Qui vediamo un mix di tutto il buono di questo ragazzo: non a caso il video si apre con le sue giocate difensive e si chiude con una tripla in uscita dai blocchi.
I limiti del ragazzo risiedono in primo luogo in un fisico sotto gli standard NBA: forte e solido specialmente nel busto, ma misurato a 1.93 con le scarpe durante la Draft combine nonostante una buona apertura alare di 1.98 risulta sotto alla media dei suoi pari ruolo del piano di sopra. Abbiamo visto come sia in grado di concludere al ferro, ma già al college non amava particolarmente questo tipo di conclusioni e non è dotato di un’esplosività d’elite, quindi non pochi dubbi sorgono sulla sua capacità di realizzatore d’area al piano di sopra. Difensivamente è difficile avere dubbi sul ragazzo, ma anche qui il fisico unito ai migliori atleti che troverà in NBA rispetto al college potrebbe causare qualche deficit, che tuttavia crediamo colmerà con altre doti almeno in questa metà del campo. A livello di gioco l’aspetto da migliorare di più è quello legato alla capacità di creare il proprio attacco con la palla tra le mani perché se è vero che è migliorato nel trattamento della palla e nell’attaccare l’area siamo tuttavia ancora lontani da un realizzatore efficace da questo punto di vista: privo dei movimenti e del primo passo fulmineo necessari per battere i difensori con continuità, non ama concludere al ferro anche quando potrebbe, tendendo a fermarsi prima accontentandosi di jumper o “lacrime” alla Tony Parker, ma senza la stessa efficacia ed il suo 45% nelle conclusioni nei pressi del ferro è decisamente rivedibile. In situazioni di pick’n’roll fatica a superare i giocatori più fisici e gli isolamenti sono una parte minima del suo arsenale offensivo, limitandolo a livello offensivo se si parla di caricarsi in futuro una squadra sulle spalle. C’è qualche dubbio sul suo essere tendente agli infortuni, dati i due infortuni alla spalla destra (ed uno alla caviglia) che ha dovuto affrontare la scorsa stagione. Infine menzionavamo prima la selezione dei tiri: peggiorata nell’anno da sophomore, sembra tuttavia legata più alla sua situazione a MSU che non alla sua attitudine e crediamo che in un contesto NBA dove non sarà il go to guy il problema dovrebbe limitarsi.

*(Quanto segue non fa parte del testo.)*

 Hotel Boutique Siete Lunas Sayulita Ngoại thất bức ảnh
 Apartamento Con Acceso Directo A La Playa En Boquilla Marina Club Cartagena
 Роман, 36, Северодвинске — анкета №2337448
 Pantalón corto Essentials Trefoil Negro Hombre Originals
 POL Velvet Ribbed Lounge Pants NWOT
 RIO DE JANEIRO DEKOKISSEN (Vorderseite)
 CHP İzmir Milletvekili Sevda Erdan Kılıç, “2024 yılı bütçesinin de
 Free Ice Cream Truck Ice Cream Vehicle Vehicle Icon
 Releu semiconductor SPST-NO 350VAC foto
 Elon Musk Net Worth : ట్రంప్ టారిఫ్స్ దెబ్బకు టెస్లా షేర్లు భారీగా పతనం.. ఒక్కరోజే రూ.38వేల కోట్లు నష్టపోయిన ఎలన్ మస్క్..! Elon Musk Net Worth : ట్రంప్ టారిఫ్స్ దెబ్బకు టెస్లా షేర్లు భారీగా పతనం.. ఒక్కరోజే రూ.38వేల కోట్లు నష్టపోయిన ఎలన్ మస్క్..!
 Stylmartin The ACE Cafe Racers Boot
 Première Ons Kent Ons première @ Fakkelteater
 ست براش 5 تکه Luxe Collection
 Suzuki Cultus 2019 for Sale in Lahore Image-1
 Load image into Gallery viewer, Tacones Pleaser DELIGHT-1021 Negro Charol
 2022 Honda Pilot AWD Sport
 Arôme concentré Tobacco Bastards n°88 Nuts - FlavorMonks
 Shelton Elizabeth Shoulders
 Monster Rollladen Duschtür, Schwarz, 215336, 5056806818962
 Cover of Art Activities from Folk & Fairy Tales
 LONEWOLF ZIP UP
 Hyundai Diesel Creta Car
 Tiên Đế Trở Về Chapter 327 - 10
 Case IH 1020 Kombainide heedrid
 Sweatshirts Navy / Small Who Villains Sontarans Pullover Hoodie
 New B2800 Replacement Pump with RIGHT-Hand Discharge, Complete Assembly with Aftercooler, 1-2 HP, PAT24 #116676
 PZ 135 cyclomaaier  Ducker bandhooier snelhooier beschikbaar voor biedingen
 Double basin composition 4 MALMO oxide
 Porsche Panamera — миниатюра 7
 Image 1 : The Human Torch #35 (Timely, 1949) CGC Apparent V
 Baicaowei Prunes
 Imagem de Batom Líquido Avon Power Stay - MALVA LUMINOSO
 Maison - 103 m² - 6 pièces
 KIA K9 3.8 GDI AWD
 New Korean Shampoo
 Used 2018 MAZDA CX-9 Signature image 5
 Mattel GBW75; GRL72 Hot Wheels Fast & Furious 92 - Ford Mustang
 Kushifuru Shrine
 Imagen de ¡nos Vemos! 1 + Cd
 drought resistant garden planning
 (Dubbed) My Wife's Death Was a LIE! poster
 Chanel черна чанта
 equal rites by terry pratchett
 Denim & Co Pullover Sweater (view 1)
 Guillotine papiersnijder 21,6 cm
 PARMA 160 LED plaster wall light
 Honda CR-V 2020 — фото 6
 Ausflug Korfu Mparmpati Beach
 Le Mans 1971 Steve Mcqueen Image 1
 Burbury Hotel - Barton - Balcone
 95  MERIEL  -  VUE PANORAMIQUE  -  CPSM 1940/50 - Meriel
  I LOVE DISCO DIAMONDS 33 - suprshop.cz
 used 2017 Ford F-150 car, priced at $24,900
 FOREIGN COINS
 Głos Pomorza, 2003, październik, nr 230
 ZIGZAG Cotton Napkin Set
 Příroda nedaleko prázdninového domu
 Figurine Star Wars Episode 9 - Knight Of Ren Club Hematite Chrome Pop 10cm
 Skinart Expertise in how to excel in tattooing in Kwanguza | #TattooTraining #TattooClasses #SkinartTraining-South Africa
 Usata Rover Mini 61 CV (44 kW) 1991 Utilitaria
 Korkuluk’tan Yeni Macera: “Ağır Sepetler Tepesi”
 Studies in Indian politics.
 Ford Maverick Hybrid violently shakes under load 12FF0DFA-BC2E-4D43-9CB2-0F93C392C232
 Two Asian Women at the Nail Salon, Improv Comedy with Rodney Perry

Proiettato all’incirca verso metà primo giro Gary Harris è ancora un ragazzo giovanissimo (19 anni) che nonostante l’età non mostra il grande upside di alcuni compagni di Draft, ma ha comunque certamente il tempo per fare passi in avanti e sembra già pronto a dare un suo buon contributo se inserito nel contesto adatto: una squadra che possa sfruttarlo per dei punti dalla panchina, preferibilmente in uscita dai blocchi à la Rip Hamilton, ma anche per affidargli degli incarichi difensivi che sembra poter assumersi dato anche il forte carattere che pensiamo non lo renderà intimidito al suo debutto in NBA. Confermando la sua intelligenza sul campo e magari rendendosi più completo come realizzatore potremmo ritrovare Harris tra qualche anno in qualità di uno di quei giocatori capaci di essere leader di una squadra pur non essendo il suo miglior giocatore e go to guy, ma trasmettendo anche ai compagni la propria devozione per il gioco e magari segnando qualche tiro decisivo, dato che la personalità e i fondamentali non mancano di certo.